Leo que los más jóvenes están
mucho menos interesados en el sexo de lo que lo estábamos nosotros y todas las
generaciones anteriores. También me entero de que la tendencia va a hacia el
mundo virtual, los encuentros a distancia, el tema más mental. Me viene a la
cabeza la imagen de una pareja que vi el otro día dándose el lote en la Gran
Vía mientras yo esperaba en un semáforo. Él sujetaba la cabeza de ella entra
las manos y recorría su cuello con besos ligeros. Ella entonces lo miró y
atrapó su labio inferior con los dientes, él sonrió y ambos se fundieron en un
rotundo morreo, sus piernas se cruzaron haciendo que los cuerpos pegados se
ladearan originando un sutil juego de pies, una tenue danza improvisada, un ejercicio
de equilibrio que los mantuvo ajenos al mundo por el espacio de esos instantes.
Continuo mi camino y me cruzo con varios grupitos de adolescentes que salen del
colegio hasta arriba de ortodoncias, de mochilas cargadas, de melenas
enredadas, de monopatines, de brillo de labios, de brotes de acné, de
calcetines por la rodilla, de siluetas alargadas, descompensadas, un coro de
voces roncas y aflautas y risas exageradas que se forman y aprenden idiomas,
preparándose para un futuro profesional incierto.
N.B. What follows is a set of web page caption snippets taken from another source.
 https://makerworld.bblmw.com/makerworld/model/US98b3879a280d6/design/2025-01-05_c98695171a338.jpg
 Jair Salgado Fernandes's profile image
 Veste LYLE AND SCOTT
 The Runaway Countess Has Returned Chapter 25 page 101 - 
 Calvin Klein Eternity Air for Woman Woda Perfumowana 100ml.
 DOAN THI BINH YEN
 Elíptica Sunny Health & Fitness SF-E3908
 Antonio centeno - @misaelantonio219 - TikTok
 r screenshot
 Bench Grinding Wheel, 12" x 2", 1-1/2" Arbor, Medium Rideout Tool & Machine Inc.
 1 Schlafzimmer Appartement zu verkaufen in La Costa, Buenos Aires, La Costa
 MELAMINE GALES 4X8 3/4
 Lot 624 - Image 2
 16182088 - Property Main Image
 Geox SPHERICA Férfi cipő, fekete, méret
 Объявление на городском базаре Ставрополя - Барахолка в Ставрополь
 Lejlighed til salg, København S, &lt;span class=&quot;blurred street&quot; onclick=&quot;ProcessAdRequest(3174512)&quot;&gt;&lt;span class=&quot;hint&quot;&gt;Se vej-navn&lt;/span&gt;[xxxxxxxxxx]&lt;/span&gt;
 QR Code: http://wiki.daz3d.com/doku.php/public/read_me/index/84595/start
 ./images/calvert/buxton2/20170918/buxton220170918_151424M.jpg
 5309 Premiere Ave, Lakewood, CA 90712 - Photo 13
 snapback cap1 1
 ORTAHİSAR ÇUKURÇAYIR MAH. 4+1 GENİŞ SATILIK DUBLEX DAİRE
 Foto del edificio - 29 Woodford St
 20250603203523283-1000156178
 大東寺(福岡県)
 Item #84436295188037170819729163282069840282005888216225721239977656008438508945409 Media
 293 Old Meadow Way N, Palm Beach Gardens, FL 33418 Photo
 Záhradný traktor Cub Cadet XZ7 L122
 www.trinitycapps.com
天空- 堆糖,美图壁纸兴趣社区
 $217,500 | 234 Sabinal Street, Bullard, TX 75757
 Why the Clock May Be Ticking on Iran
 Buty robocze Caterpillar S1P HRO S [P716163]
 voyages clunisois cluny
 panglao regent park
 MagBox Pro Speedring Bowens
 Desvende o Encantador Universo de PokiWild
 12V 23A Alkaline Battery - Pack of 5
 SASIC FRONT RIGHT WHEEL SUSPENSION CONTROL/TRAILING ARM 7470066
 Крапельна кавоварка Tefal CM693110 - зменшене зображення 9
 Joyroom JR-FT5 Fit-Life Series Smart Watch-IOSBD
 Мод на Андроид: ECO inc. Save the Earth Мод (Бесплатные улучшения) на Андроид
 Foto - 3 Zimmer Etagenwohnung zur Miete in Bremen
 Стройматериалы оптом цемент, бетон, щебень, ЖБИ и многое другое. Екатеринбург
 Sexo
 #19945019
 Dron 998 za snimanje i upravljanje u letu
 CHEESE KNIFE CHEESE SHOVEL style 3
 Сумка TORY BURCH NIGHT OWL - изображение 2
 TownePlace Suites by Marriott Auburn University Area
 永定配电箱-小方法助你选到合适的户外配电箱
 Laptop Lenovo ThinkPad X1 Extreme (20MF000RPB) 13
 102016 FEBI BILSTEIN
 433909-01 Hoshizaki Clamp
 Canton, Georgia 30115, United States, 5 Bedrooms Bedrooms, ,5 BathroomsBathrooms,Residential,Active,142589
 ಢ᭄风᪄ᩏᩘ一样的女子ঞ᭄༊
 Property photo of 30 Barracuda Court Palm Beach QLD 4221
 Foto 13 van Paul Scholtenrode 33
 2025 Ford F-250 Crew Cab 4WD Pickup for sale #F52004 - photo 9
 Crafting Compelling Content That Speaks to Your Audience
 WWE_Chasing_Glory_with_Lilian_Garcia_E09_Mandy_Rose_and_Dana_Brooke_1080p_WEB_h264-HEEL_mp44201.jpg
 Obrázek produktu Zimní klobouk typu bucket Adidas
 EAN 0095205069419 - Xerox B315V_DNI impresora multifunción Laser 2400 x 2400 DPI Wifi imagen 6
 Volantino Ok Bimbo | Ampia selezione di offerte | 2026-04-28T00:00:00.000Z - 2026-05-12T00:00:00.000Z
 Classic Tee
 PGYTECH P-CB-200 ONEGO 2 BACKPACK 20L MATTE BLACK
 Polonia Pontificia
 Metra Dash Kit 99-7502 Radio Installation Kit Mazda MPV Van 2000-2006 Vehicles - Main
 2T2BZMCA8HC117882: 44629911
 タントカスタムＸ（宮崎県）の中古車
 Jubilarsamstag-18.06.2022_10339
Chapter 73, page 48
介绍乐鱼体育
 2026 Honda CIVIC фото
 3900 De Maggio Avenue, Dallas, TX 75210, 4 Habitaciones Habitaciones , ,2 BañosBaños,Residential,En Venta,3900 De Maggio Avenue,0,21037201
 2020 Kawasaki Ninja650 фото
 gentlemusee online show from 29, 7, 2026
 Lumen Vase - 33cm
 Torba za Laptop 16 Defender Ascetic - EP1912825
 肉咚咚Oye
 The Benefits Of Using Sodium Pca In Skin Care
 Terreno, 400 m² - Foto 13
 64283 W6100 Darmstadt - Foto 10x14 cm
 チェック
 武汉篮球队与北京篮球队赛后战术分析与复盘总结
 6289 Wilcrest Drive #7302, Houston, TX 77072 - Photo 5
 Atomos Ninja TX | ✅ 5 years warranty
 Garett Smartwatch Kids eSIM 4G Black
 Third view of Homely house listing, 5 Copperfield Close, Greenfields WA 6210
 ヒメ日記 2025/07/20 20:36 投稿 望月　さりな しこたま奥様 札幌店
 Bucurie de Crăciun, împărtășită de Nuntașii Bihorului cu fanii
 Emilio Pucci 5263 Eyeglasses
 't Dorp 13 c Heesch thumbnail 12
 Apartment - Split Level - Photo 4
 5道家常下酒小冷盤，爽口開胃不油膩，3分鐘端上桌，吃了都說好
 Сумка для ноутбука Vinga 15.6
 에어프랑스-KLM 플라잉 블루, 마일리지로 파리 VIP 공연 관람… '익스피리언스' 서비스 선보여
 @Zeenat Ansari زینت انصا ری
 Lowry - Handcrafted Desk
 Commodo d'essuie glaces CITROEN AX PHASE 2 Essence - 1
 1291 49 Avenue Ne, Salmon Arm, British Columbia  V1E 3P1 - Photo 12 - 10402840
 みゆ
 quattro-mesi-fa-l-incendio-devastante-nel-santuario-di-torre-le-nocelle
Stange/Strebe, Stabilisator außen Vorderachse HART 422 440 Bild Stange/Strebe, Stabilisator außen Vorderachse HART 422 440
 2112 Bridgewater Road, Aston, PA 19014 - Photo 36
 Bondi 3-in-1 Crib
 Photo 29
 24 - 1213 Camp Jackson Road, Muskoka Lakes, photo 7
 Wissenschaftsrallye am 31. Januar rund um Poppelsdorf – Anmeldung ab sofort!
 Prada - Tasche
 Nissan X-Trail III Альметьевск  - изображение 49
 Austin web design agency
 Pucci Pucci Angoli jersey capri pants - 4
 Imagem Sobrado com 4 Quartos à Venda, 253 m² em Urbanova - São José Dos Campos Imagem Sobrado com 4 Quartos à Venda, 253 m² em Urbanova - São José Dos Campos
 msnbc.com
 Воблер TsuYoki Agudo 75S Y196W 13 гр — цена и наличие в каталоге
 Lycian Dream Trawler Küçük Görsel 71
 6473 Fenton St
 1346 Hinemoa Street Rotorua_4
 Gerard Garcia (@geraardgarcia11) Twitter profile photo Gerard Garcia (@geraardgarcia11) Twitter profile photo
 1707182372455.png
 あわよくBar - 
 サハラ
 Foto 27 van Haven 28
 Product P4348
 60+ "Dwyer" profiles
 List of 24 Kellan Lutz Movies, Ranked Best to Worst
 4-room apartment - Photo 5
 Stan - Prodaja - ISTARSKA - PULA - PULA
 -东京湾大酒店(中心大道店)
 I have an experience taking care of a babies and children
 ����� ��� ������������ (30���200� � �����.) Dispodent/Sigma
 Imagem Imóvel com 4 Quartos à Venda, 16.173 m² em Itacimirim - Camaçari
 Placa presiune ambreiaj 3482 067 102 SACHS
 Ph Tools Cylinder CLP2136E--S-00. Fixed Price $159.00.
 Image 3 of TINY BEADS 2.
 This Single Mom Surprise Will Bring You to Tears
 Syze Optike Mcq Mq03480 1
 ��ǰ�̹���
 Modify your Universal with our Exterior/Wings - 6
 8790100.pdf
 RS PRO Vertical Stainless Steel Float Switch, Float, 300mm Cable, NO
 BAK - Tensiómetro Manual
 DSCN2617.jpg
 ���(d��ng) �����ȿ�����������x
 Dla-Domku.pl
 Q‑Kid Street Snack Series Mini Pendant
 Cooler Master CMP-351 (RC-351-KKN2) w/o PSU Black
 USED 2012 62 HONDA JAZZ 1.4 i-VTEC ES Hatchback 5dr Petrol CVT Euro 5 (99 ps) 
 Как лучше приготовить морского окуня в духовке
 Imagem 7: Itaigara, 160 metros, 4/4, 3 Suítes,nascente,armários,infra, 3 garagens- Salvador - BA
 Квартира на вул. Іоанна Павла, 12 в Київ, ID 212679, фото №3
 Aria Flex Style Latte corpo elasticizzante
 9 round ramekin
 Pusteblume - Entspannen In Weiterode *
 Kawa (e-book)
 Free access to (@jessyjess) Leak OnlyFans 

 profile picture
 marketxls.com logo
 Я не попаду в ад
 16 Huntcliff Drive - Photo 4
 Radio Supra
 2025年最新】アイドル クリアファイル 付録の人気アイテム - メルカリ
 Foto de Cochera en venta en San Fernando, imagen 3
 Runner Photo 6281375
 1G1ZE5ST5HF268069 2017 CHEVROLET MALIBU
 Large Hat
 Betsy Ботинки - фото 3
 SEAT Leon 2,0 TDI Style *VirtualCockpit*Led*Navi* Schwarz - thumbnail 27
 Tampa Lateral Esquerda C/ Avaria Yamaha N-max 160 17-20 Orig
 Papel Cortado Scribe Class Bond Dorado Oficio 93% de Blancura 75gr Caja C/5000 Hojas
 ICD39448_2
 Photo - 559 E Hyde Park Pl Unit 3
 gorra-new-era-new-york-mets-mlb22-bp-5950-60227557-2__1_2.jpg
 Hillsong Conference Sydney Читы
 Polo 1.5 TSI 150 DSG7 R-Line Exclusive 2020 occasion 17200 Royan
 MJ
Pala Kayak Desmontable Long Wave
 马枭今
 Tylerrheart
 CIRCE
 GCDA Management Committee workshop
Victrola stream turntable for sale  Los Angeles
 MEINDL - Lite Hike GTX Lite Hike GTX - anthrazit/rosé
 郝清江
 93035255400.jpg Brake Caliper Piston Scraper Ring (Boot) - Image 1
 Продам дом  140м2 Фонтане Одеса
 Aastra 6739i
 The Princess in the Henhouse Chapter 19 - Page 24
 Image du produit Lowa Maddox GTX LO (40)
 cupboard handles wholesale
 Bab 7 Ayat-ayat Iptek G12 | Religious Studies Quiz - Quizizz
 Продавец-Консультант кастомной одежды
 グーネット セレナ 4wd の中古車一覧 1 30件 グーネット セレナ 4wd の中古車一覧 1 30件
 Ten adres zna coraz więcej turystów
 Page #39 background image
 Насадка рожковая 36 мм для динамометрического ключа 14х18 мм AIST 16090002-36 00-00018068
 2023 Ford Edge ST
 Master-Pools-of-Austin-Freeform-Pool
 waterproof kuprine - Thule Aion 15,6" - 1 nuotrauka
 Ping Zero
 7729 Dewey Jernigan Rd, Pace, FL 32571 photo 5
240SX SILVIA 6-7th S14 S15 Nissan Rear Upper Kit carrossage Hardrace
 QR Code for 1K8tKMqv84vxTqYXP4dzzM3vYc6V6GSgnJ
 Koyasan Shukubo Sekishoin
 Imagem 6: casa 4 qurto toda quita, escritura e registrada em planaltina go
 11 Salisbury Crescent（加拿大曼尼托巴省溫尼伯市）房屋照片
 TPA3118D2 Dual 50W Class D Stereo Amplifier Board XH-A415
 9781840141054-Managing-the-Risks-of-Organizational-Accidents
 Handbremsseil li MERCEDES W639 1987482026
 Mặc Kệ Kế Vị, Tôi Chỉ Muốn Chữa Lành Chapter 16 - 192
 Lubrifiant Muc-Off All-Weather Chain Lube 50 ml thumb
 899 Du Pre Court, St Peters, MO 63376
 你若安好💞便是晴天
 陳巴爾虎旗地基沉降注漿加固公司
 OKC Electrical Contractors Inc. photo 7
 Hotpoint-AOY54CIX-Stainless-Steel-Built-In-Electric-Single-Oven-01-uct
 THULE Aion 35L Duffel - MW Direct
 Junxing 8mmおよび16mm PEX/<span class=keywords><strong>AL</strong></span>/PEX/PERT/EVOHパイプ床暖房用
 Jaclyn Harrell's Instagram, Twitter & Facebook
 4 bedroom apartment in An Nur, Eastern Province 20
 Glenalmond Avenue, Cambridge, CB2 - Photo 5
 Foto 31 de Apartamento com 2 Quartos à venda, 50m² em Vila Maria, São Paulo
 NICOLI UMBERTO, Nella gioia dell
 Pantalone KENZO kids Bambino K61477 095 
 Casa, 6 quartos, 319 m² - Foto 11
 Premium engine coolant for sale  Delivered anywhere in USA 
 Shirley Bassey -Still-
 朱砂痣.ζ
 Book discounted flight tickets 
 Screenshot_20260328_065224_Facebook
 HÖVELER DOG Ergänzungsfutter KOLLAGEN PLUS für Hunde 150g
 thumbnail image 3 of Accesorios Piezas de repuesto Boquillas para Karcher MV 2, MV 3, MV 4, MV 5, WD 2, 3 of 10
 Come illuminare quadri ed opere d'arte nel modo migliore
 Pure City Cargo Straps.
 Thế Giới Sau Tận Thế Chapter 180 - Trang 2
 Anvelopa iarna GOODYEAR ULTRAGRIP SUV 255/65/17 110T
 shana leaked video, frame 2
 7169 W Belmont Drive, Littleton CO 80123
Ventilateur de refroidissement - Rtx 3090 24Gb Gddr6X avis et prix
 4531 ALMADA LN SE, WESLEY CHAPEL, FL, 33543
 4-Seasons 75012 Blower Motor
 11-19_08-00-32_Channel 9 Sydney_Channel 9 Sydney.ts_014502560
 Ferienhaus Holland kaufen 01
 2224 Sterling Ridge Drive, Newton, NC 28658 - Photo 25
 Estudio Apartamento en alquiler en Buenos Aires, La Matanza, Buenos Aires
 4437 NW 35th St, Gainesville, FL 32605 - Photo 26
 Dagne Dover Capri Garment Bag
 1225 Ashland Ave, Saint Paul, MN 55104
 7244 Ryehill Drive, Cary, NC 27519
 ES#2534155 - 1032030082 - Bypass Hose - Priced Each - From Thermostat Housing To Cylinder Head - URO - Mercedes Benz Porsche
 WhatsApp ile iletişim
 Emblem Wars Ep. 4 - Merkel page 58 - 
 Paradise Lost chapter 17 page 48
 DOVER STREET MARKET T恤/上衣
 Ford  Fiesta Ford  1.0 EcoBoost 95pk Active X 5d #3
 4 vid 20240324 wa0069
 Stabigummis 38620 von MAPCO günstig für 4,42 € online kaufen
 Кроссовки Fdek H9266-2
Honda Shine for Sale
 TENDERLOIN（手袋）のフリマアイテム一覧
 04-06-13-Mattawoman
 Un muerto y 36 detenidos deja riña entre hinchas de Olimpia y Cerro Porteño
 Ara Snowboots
Me entran ganas de decirles
que pasen un poco del móvil, que no se sientan mal por lo que otros cuelgan en
Instagram, porque es casi todo mentira, que escriban una carta a mano por lo
menos una vez, o una nota, que envíen una postal, que aprendan a valorar una
buena conversación, que el olor y la textura de la piel son infinitamente mejor
que la pantalla del ordenador, que es mejor decir “te quiero” que enviar un
emoticono con los ojos de corazón, que compartir es mucho más que publicar
contenido en tu muro y que la prueba de que estás enamorado no es una carpeta
de mensajes guardados ni una palabra en tu estado, sino el pulso acelerado.